Task completion — did it do what was asked? (LLM-as-judge or scripted)
Factuality — no hallucinated info (LLM-as-judge against retrieved context)
Tone / style — matches brand voice (LLM-as-judge with examples)
Refusal rate — when should it refuse? (Curated edge cases)
Latency — p50/p95 (just measure)
Cost — tokens per task (just measure)

You don't need all of these on day one. Start with task completion. Add categories as you find failure modes in production.

LLM-as-judge: the surprisingly good shortcut

A second LLM scoring outputs sounds dubious. In practice it's:

Cheaper than humans by 100x
Faster than humans by 1000x
Correlated with human judgment at ~0.7+ for most quality dimensions
Easy to scale across thousands of examples

The trick: give the judge a rubric, examples of good and bad, and ask for a score with reasoning.

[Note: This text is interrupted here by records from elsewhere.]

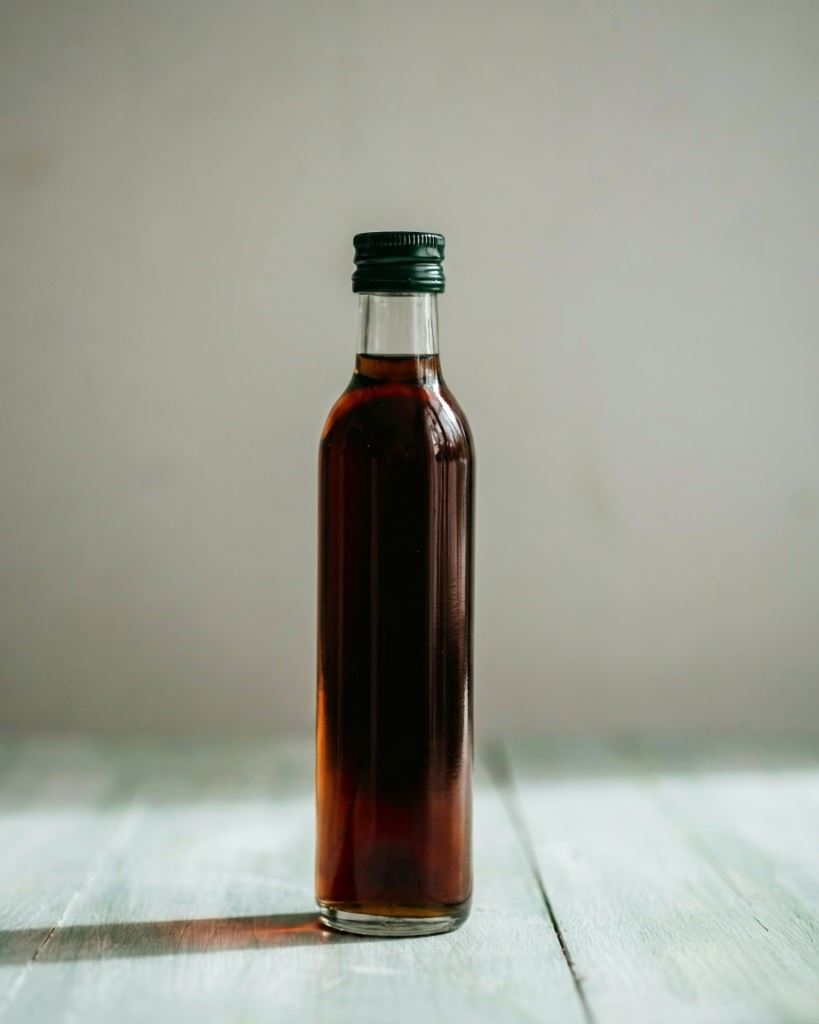 Clear glass bottle of dark Styrian pumpkin seed oil on light wood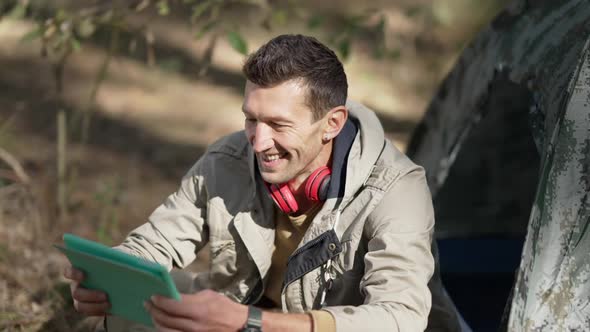 Cheerful Man Laughing Watching Video Online on Tablet Sitting at Tree on Forest alt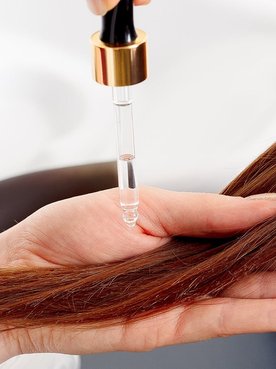 Person haelt eine HAarstraehne in der Hand und traeuffelt Oel darauf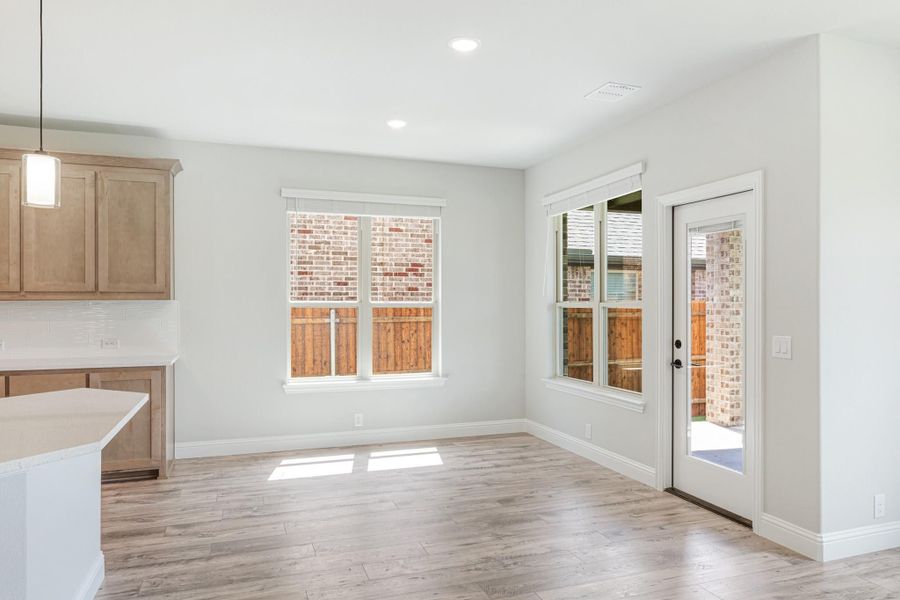 Bright dining area with light wood floors, back door, and windows overlooking a wood fence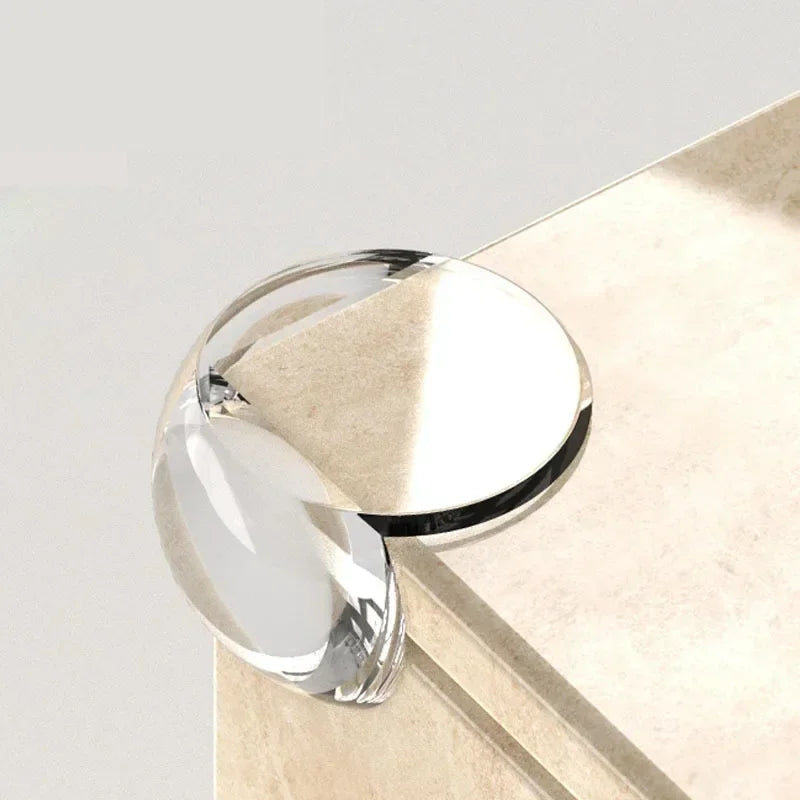 Clear silicone corner edge guards for baby safety resting on a light beige surface.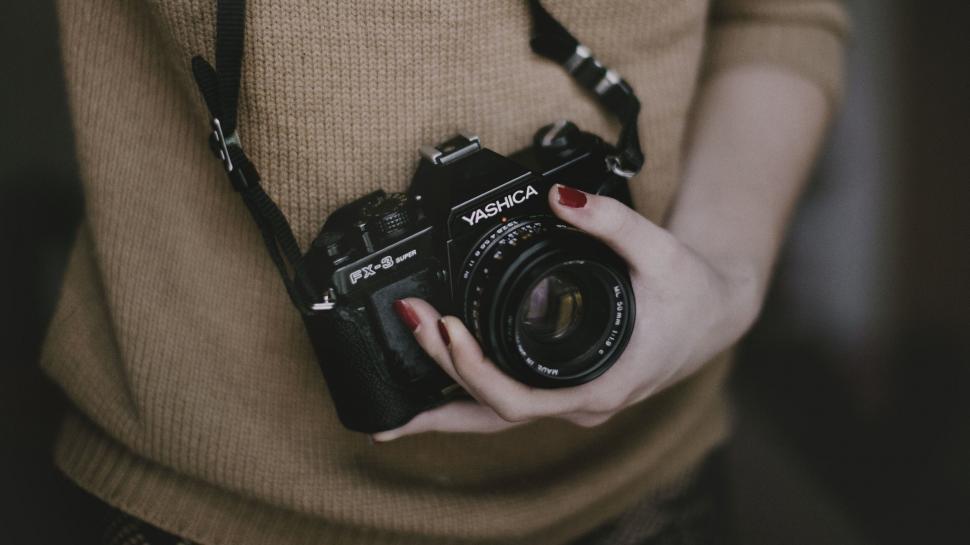 Free Image of Photographer holding a vintage camera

You are scoring a customer support reply.

Rubric:
- 5: Perfect — accurate, empathetic, actionable
- 3: Acceptable — accurate but tone-off OR right tone but missing detail
- 1: Bad — inaccurate or actively harmful

Reply to score: <REPLY>

Output JSON: { "score": 1-5, "reasoning": "..." }

Use a strong model (Claude Opus, GPT-4) as the judge — judging is harder than generating in many cases.

Where LLM-as-judge breaks

It's bad for:

Subtle subjective qualities (humor, voice, brand alignment) — calibrate with humans
Truly novel outputs the judge has no rubric for
Adversarial cases (the judge has the same biases as the generator)

For these, you need humans. Sample 50 outputs/week, have a domain expert score them, calibrate the LLM judge against the human scores.

CI integration

Evals don't run on every commit (too slow, too expensive). They run on:

Prompt changes
Model upgrades (Sonnet 4.6 → 4.7)
Major code changes to the AI pipeline
Pre-release before deploying

For each, output the new vs. baseline scores. PR comment if scores regress. Block merge if a critical metric drops.

Evals: customer_support_v2

| Metric          | Baseline | This PR | Δ      |
|-----------------|----------|---------|--------|
| Task completion | 87%      | 89%     | +2%    |
| Factuality      | 94%      | 91%     | -3% ⚠  |
| Tone match      | 81%      | 80%     | -1%    |
| Latency p95     | 2100ms   | 2150ms  | +50ms  |
| Cost per task   | $0.012   | $0.011  | -$0.001|

The factuality regression blocks merge. Engineer investigates, finds the new prompt encourages over-confident statements, fixes.

Production monitoring is the real eval

Evals catch known failure modes. Production catches the rest.

For LLM-powered features, monitor:

User downvotes / corrections / re-prompts
Conversation drop-off rates
Support ticket volume mentioning AI
Manual review of 100 random conversations/week

Surprising production failures become eval examples. The dataset grows.

The takeaway

Don't unit-test LLM features. They're the wrong tool. Build an eval suite — dataset + scorer + runner — and run it on every prompt or model change. Pair it with production monitoring to catch failures the eval doesn't predict. You'll ship AI features with a lot more confidence and a lot less weekend support volume.